Task:
The records below must be output exactly, with no images carried over.

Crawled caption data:
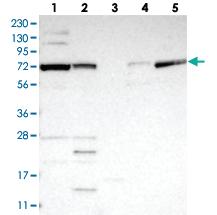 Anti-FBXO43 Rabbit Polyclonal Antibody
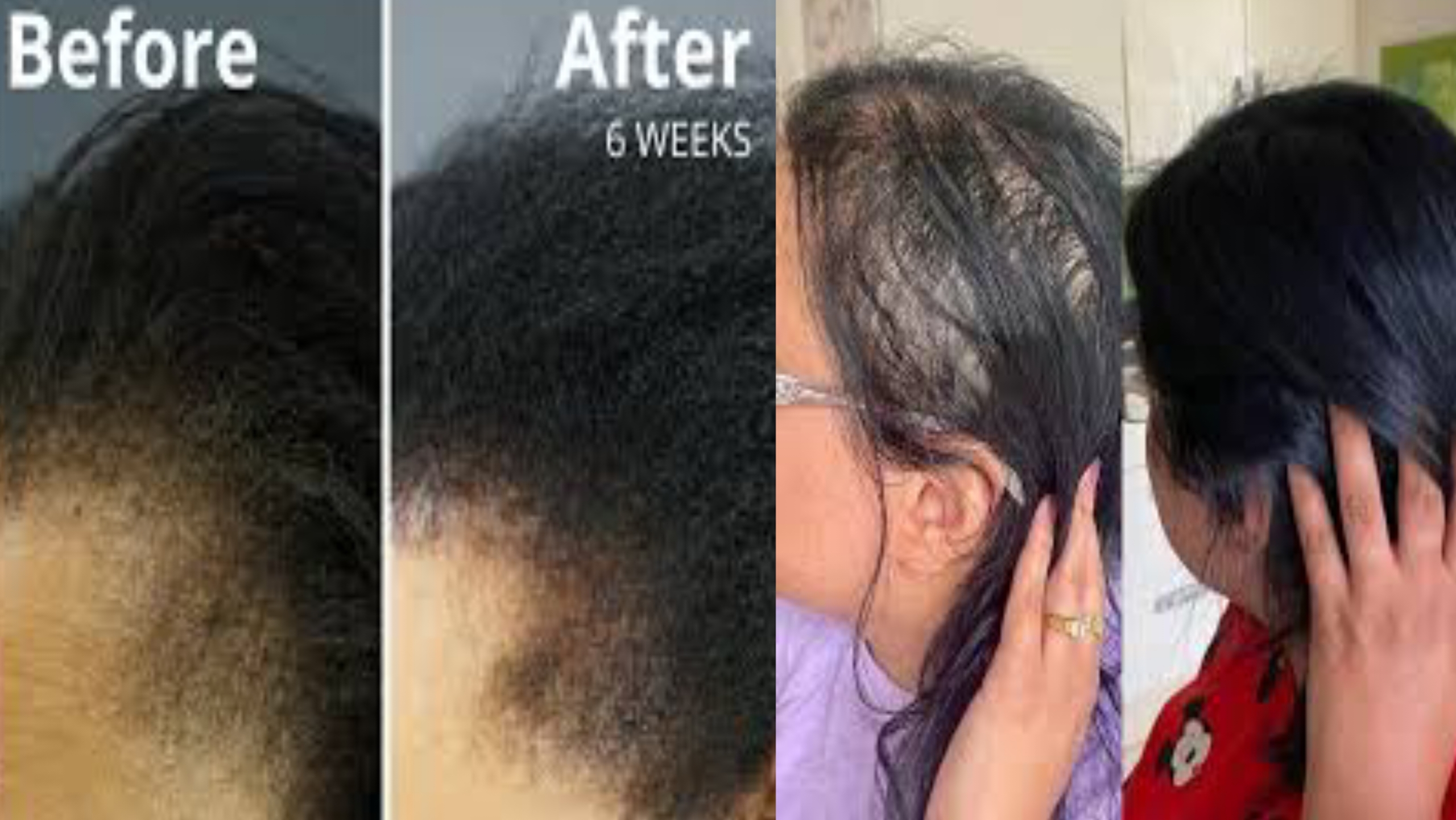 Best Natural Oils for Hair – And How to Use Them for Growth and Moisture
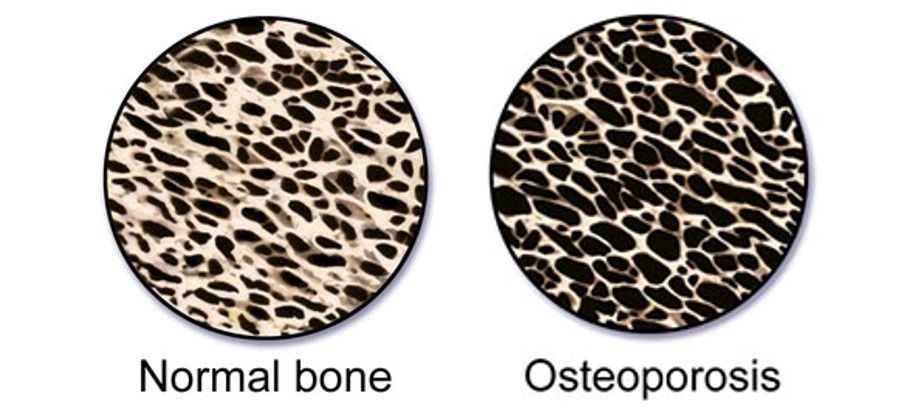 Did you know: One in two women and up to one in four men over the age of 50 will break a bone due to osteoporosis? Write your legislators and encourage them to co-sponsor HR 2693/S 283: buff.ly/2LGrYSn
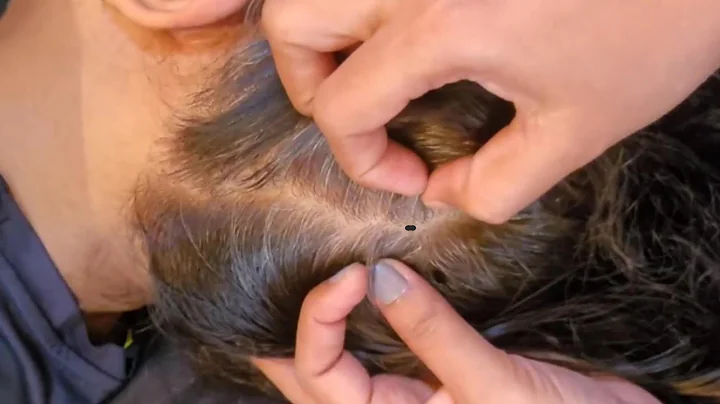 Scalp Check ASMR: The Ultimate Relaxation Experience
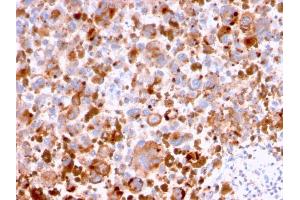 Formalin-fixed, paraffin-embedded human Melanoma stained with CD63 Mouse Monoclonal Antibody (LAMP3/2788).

Task result:
 Anti-FBXO43 Rabbit Polyclonal Antibody
 Best Natural Oils for Hair – And How to Use Them for Growth and Moisture
 Did you know: One in two women and up to one in four men over the age of 50 will break a bone due to osteoporosis? Write your legislators and encourage them to co-sponsor HR 2693/S 283: buff.ly/2LGrYSn
 Scalp Check ASMR: The Ultimate Relaxation Experience
 Formalin-fixed, paraffin-embedded human Melanoma stained with CD63 Mouse Monoclonal Antibody (LAMP3/2788).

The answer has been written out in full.